As General Manager in 1983, Owens wasn't happy with the team's play and took over as manager for Pat Corrales. Owens turned things around and led the team to the World Series. He stayed on as both GM and manager for the 1984 season before leaving the job.

Owens career was defined by a dedication to building a team through a strong farm system, which was the trademark of Phillies teams with Owens as general manager. Because of that dedication, the Phillies named their award for the top minor league player and pitcher each year after Owens. "His philosophy of developing your own talent is a pattern many teams have followed," said team president David Montgomery. "He had tremendous love for his own family and the Phillies family as well.
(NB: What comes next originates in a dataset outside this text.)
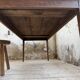 Table de ferme chêne pieds fuseaux 1950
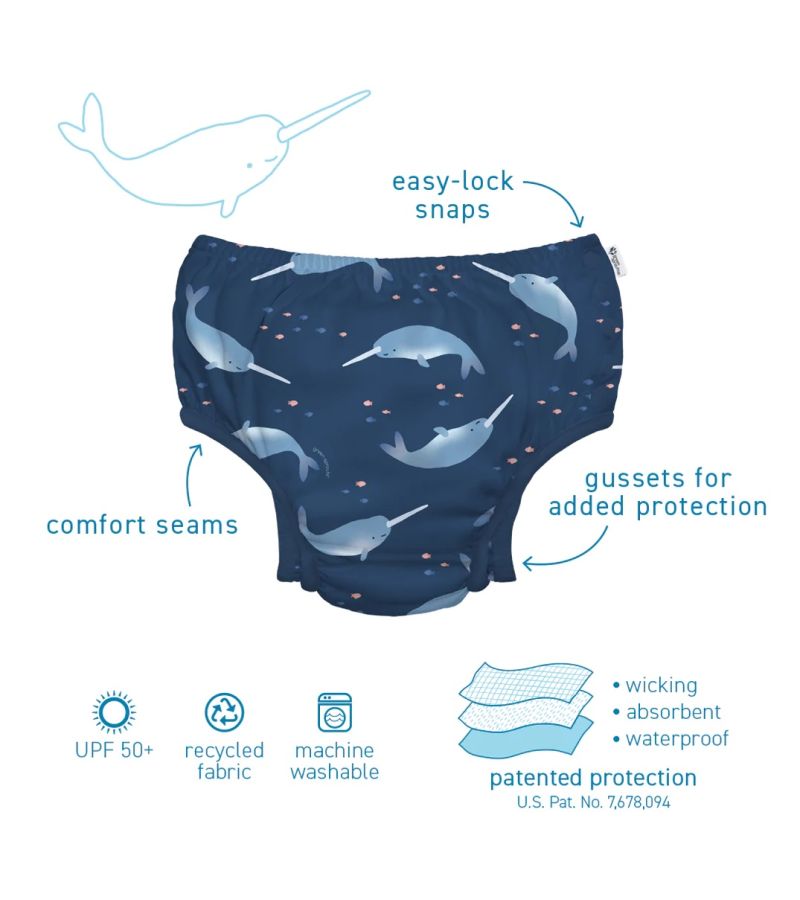 Μαγιό - πάνα GREEN SPROUTS Eco Snap Swim Diaper Light Blue Jellyfish GS-701058-6056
He possessed a special quality of carying for everyone in the organization from the players to the front office. We will miss him dearly."

Nicknamed "The Pope" in the 1960s because of his resemblance to Pope Paul VI, Owens put together the greatest era in Phillies history. As GM, his teams won East Division titles in 1976, 1977, 1978 and 1980. The 1981 Phillies reached postseason play as the first-half division champions during a split season caused by a players' strike.

Owens continued his Phillies career as assistant to the president in 1985 and senior advisor to the general Manager in 1998. As recently as two years ago, Owens spent time in Spring Training with the Major League and minor league Phillies. He often watched home games at Veterans Stadium from the private box of GM Ed Wade.

Born on Feb. 7, 1924, in Salamanca, Owens is survived by his wife of 58 years, Marcelle; two sons, Danny and Pat, and five grandchildren.